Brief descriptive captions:
[Start of section]

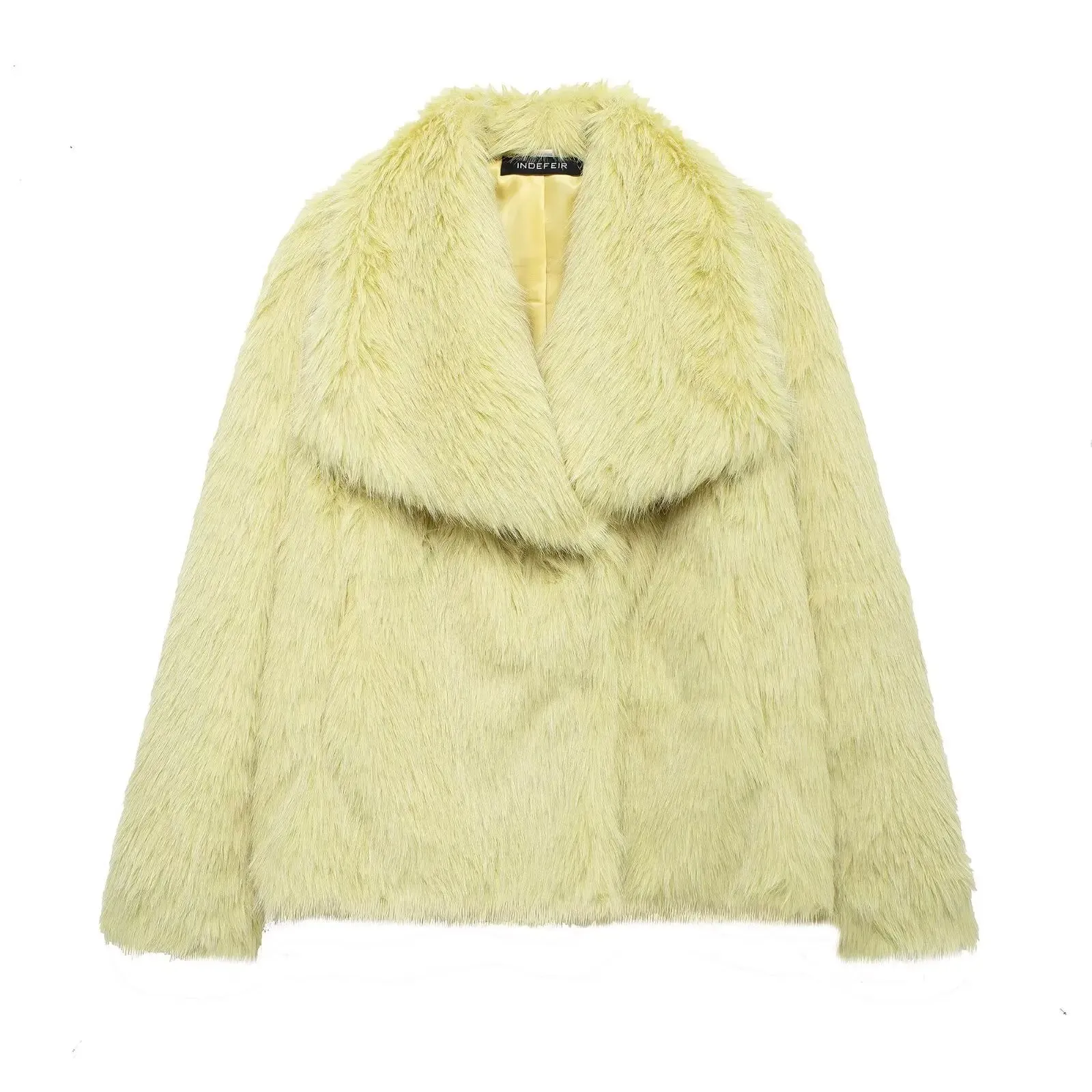 TRAFZA Frauen Winter Mode Warme Plüsch Mantel Damen Casual Drehen-unten Kragen Dicken Mantel Weibliche Tasche Langarm Kurze oberbekleidung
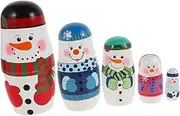 ZUNOXAZ Snowman Dolls Nesting Figurines for Hand Painted Russian Dolls Safe Craft Present for Birthday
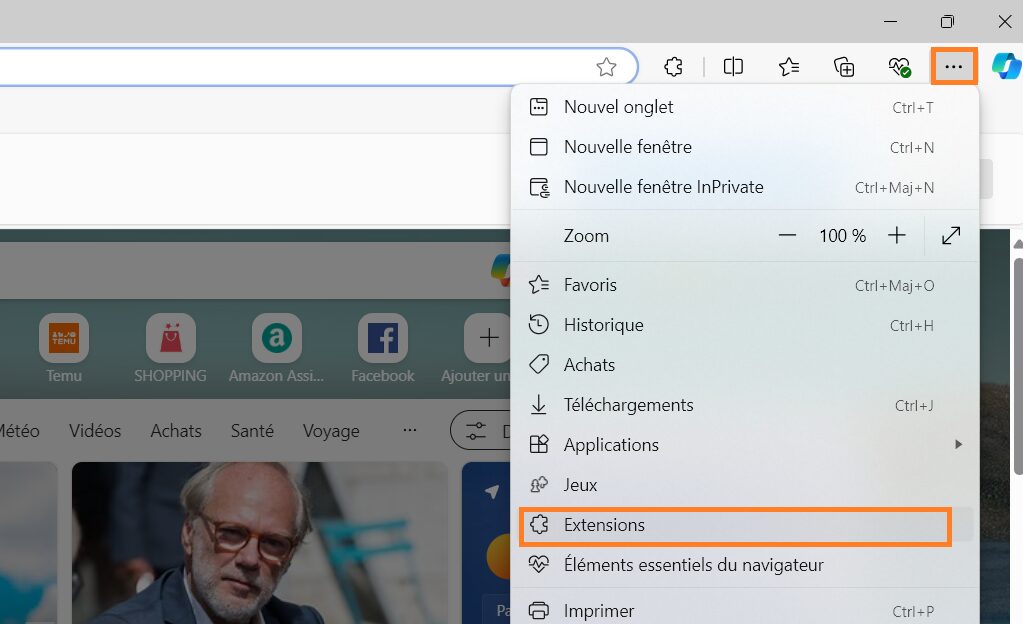 Accès aux extensions Edge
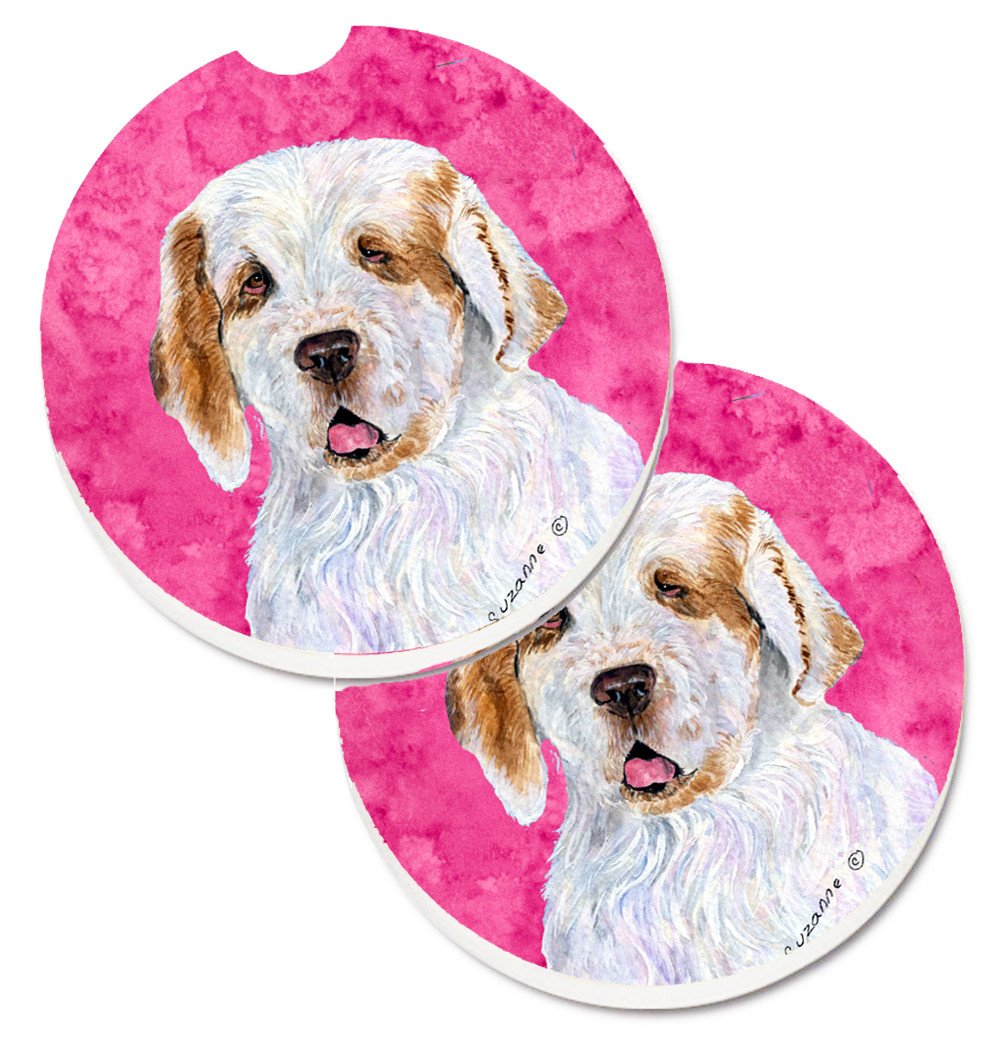 Pink Clumber Spaniel Set of 2 Cup Holder Car Coasters SS4776-PKCARC by Caroline&#39;s Treasures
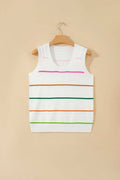Elowen | Striped Knit Sweater Tank Top with Round Neckline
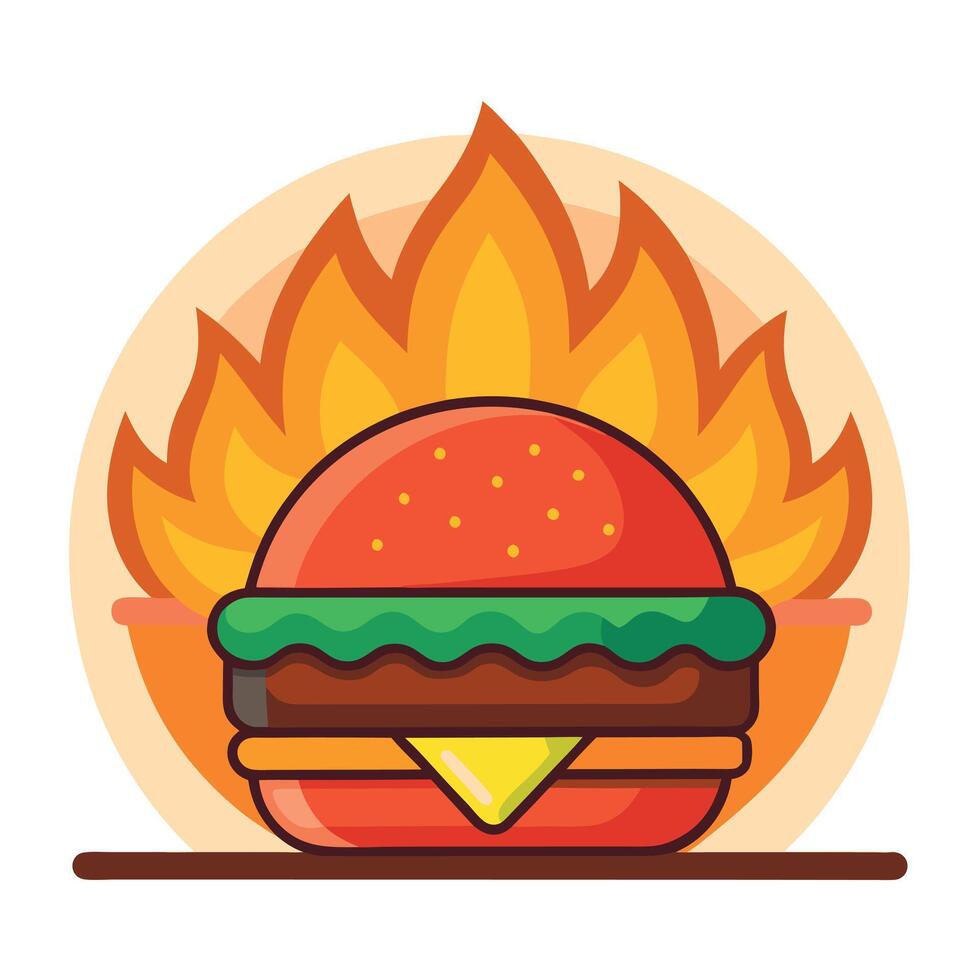Juicy burger with crispy fries on flaming grill backdrop vector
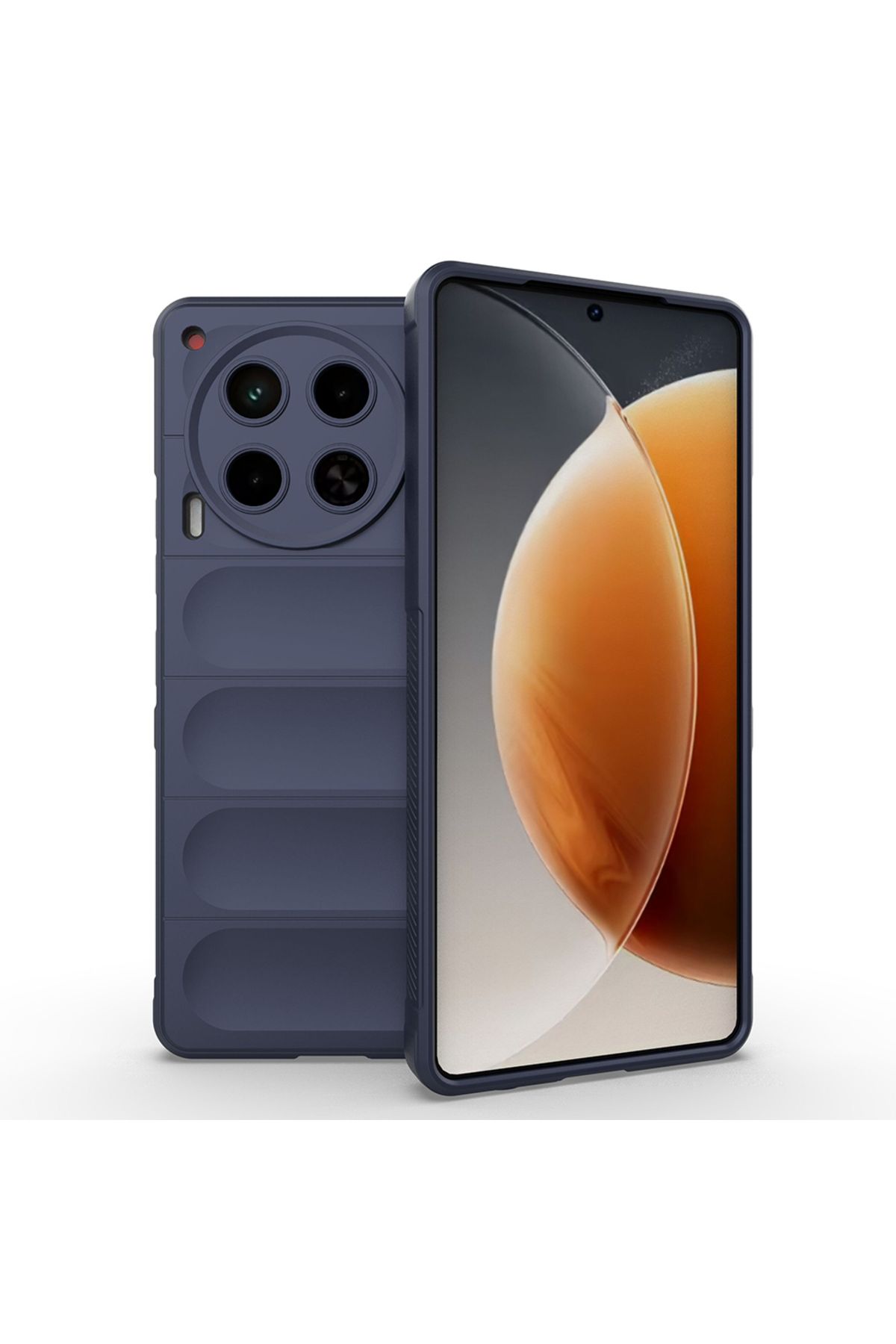 HTstore Tecno Camon 30 4G Kılıf Esnek TPU Oyuklu Arka Yüzey Tasarımlı Zore Etnik Silikon Kapak-Lacivert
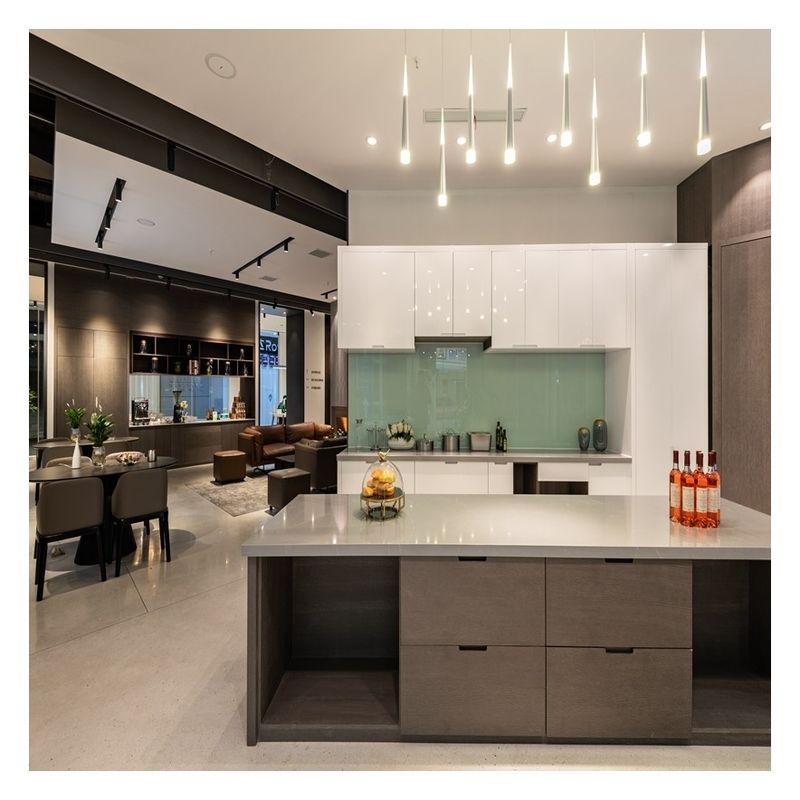 Armadi da cucina in legno massello a colori personalizzati per una pulizia facile in un design minimalista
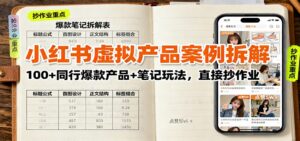 小红书虚拟产品案例拆解:100+同行爆款产品+笔记玩法,直接抄作业-川川创富网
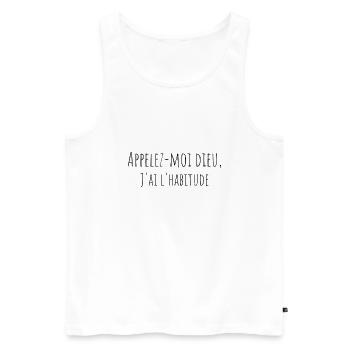 Appelez-moi dieu, j'ai l'habitude - Débardeur bio Premium Homme - blanc - Devant - AI Model Male 178 light (178cm)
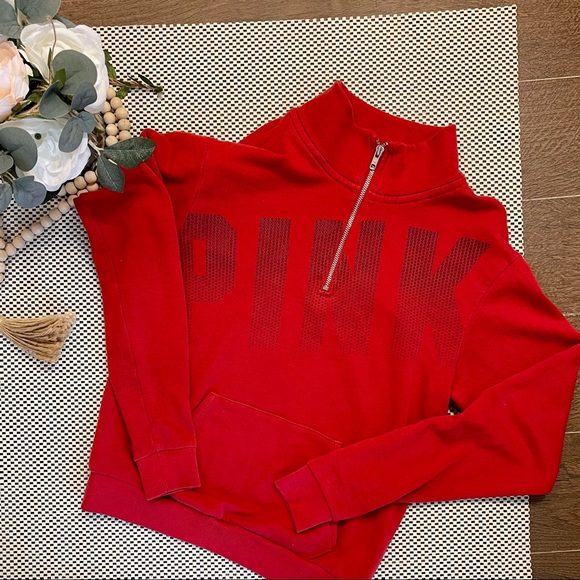 PINK Victoria's Secret Sweaters - Victoria’s Secret PINK Quarter Zip Red Sweater Size XS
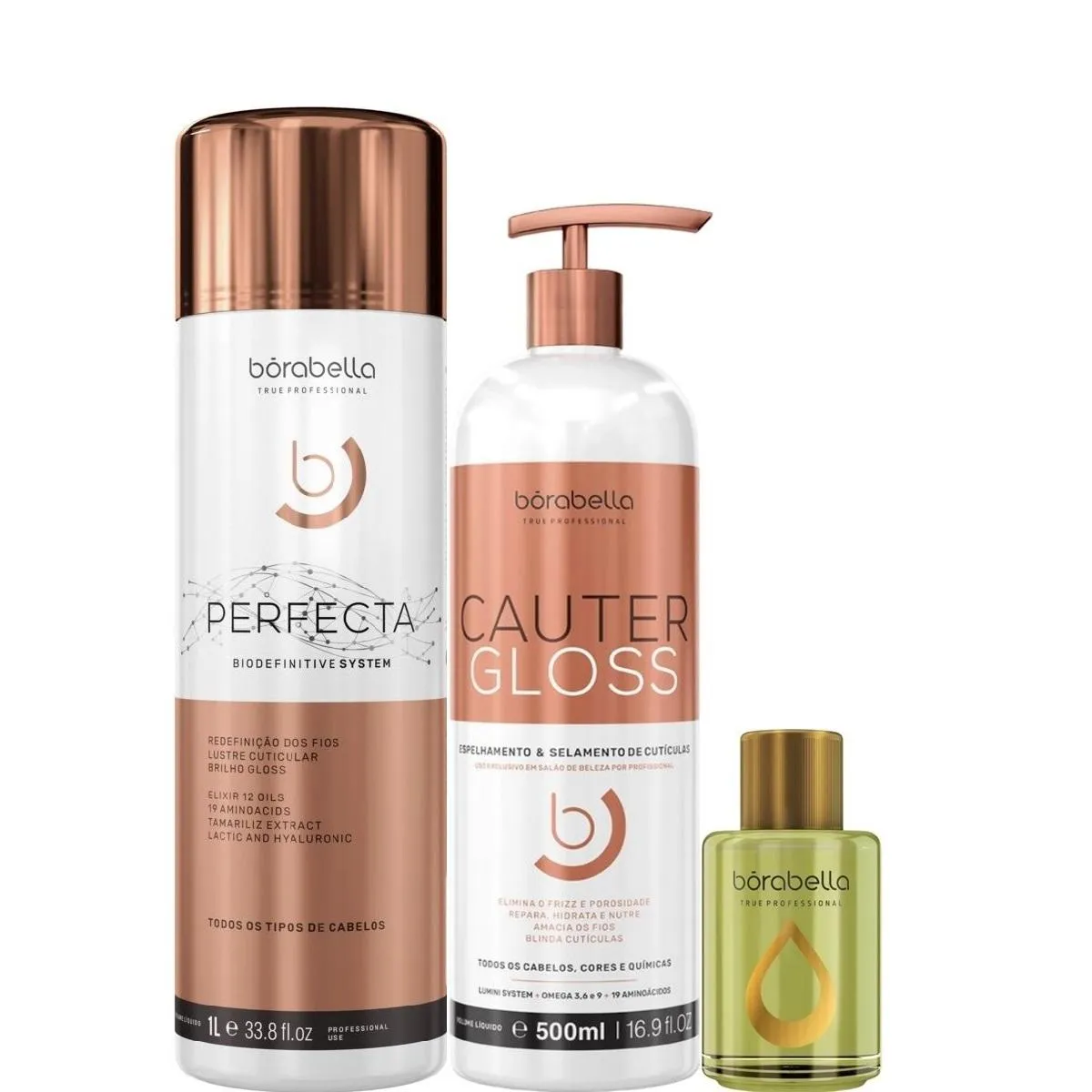 BORABELLA PERFECTA 1 LITRO + CAUTER GLOSS 500ML + ÓLEO ARGAN 7ML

[End of section]

Without the pictures, copy the entries from their first line through the line containing "HTstore Tecno Camon", and only those lines.

 TRAFZA Frauen Winter Mode Warme Plüsch Mantel Damen Casual Drehen-unten Kragen Dicken Mantel Weibliche Tasche Langarm Kurze oberbekleidung
 ZUNOXAZ Snowman Dolls Nesting Figurines for Hand Painted Russian Dolls Safe Craft Present for Birthday
 Accès aux extensions Edge
 Pink Clumber Spaniel Set of 2 Cup Holder Car Coasters SS4776-PKCARC by Caroline&#39;s Treasures
Elowen | Striped Knit Sweater Tank Top with Round Neckline
Juicy burger with crispy fries on flaming grill backdrop vector
 HTstore Tecno Camon 30 4G Kılıf Esnek TPU Oyuklu Arka Yüzey Tasarımlı Zore Etnik Silikon Kapak-Lacivert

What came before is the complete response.